Tools used: MetaStudio, a data schema definition tool.

In this step, the semantic structure of one of the target pages, named as a sample page, is analyzed, which is preparation for define a data schema stated in the next step.

In a forum, all discussions on a forum topic can be viewed as being put in respective "containers" on an HTML page. The containers are placed one by one in chronological order. Currently, most of forums are built upon a few popular forum platform. All HTML pages containing the containers for discussions are generated on the fly according to a few templates. As a result the data schema is fixed along time. So data extraction from forums are easiest and this preparation step can be finished soon.

In order for MetaStudio to generate data and clue extraction rules, it must be told what is the structure of the discussions' "container" and where the data snippets in the container are fixed. Positioning a data snippets on an HTML page making use of DOM, so being familiar with DOM and HTML are helpful for operators to run MetaSeeker and to define data schemas.

MetaStudio has an embedded DOM tree viewer which provides a GUI for operators to view HTML document's structure. For a complex HTML page, the DOM tree may be very large and complicated to be analyzed. Fortunately, the DOM tree viewer is not the only tool to position a DOM node containing the data snippets to be extracted. MetaStudio provides a reverse selection approach through which the DOM node is selected in the DOM tree viewer by clicking a data snippet on the embedded browser directly. Let's study an example. Assumed a DOM node containing a discussion's title named with the string "Thinking in Java" would be positioned, the operator should just click the string in the embedded browser. Then MetaStudio would position the DOM node so that background color of this row in the DOM tree viewer is changed to blue. It should be paid attention that precision of reverse selection might be poor because if a target node, mainly a text node, was nested deeply in the DOM tree its ancestor instead of itself might be positioned. In these cases, the selected node should be double checked via verifying its value and attributes. If current node is not the expected, the exact one can be found by expanding the subtree under currently positioned node and searching within it.

During analyzing the structure of the HTML page, the operator should make sure which data snippets should be extracted and manipulated later. As an example, we are interesting in the following data snippets:

  • content brief: a brief of the discussion on a topic, which will be indexed and stored into Lucene index base.
  • content: the discussion on a topic, which will be indexed and stored into Lucene index base.
  • title: the title of a book, which will be indexed and stored into Lucene index base.
  • book page: the location storing the book, which will be stored without being indexed into Lucene index base.

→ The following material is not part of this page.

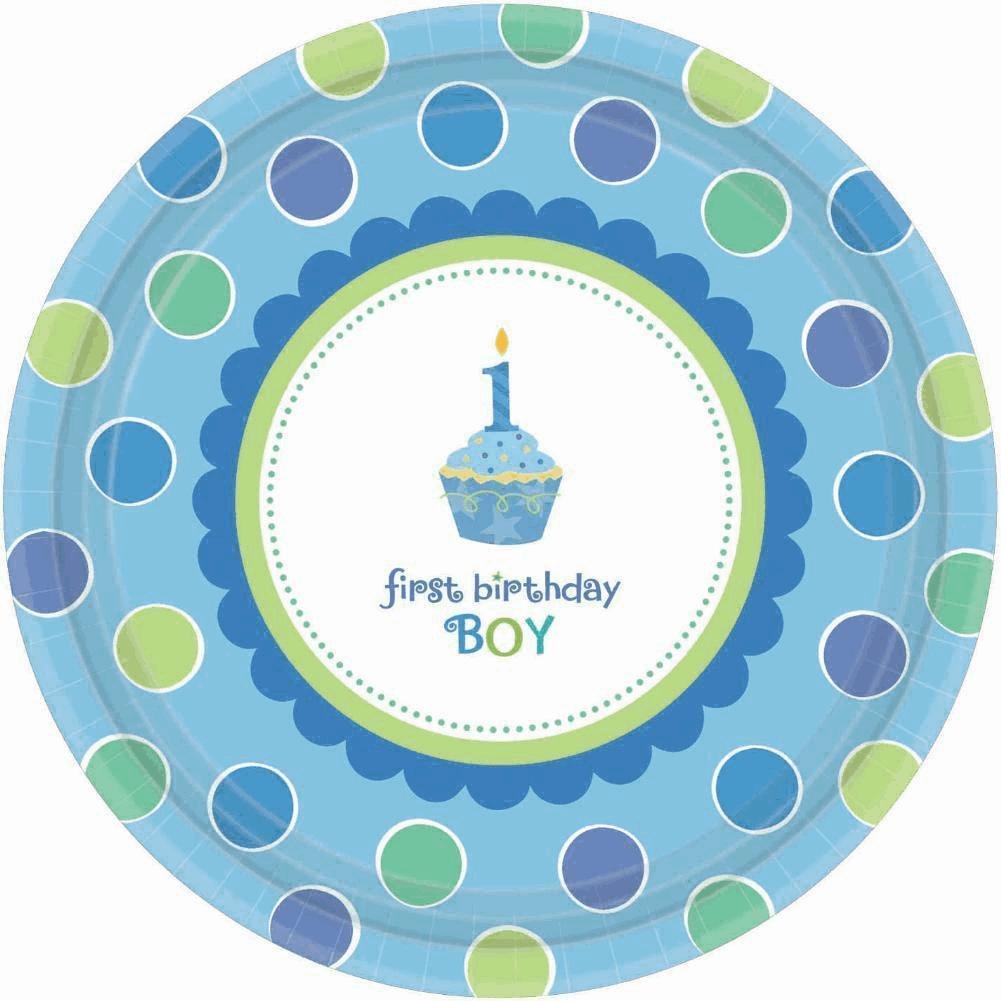 amscan Sweet Little Cupcake Boy Dinner Plates - 18 ct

When the Lucene document containing this field is recalled, the field is presented as a hyper-link through which the book can be downloaded.

Obviously, we want to build up a ebook search engine via which a resource for downloading a book can be found.



Exercises

Make this forum topic to be a sample page against which the following exercises can be taken.

  • Enable reverse selection
  • Click any data snippets on the embedded browser and watch MetaStudio automatically positioning the according DOM nodes.
  • Click the content of the first discussion in the discussion thread. Turn to the DOM Tree Viewer, traverse the tree to locate the nodes about content brief, content, title and book page. Study the HTML structure.
  • Click the content of the second discussion in the discussion thread. Turn to the DOM Tree Viewer, traverse the tree to locate the nodes about content brief, content, title and book page. Study the HTML structure and compare it with that for the first discussion.